All Amaka wants is that the women in her care stay as safe as possible under the circumstances. Sometimes keeping them simply alive is as much as she can hope for. She establishes a secret network of contacts and a database of details on clients who pay for sex. The women Amaka works with can phone in and keep tabs on each other’s movements. Then, one day, one of the prostitutes turns up mutilated and dead in front of a bar where Guy, a British journalist, is trying against better judgement to appease his curiosity about local nightlife: “I was a white boy in Africa for the first time, on assignment to cover a presidential election that was still weeks away, the outcome of which was a foregone conclusion. This was only my second day in Lagos and the first night I’d gone out alone – exactly what I’d been advised not to do.”
Witness to the body-dump, Guy is arrested for questioning and rescued by Amaka at the police station where he see another gruesome murder of a suspect in police custody and has to fear the worst for himself. Together with the streetwise and brave Amaka, he embarks on a mission to find out who is behind the horrific killing of the prostitute, but he is completely out of his depth. He pretends to work for the BBC but is actually a reporter for a start-up internet TV news channel.
Guy decides to write about what he had witnessed, suspecting like everyone else that the murder was one of many ritual killings. “Every time there is an election we find dead bodies everywhere,” he is told; people are “doing juju to win elections”. During the investigation Guy begins to fall for Amaka, but is unsure whether she returns his feelings.
The story of the murder is reported on CNN, causing a lot of unease among the Lagos elites. Pressure is put on police inspector Ibrahim to solve the case and to protect the affluent from the ensuing chaos. A lot seems to be at stake, but no one truly knows what is happening behind the scenes and who is the mysterious Malik. Is he running the show? Is someone killing these women for witchcraft or illegal organ trade?
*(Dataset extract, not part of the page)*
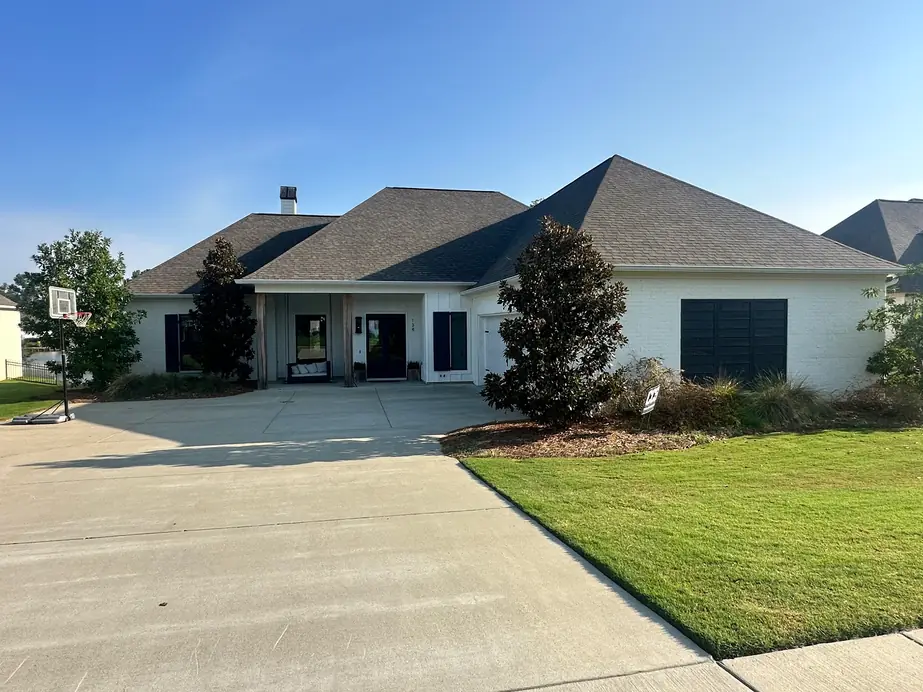 Finished white brick home with dark trim and a wide drive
From luxurious hotel rooms to the gutters of Lagos, Easy Motion Tourist presents an uneasy, brutal metropolis where only the toughest survive: “a city of armed robbers, assassinations and now, it seemed, ‘ritualists’ had to be added to the list.” But among the ruthless violence and corruption there are rays of light, and Easy Motion Tourist offers an intriguing ending which might mean a promising sequel.
Easy Motion Tourist
by Leye Adenle
Cassava Republic Press, 2016
An edited version of this review appeared in the Cape Times on 10 March 2017.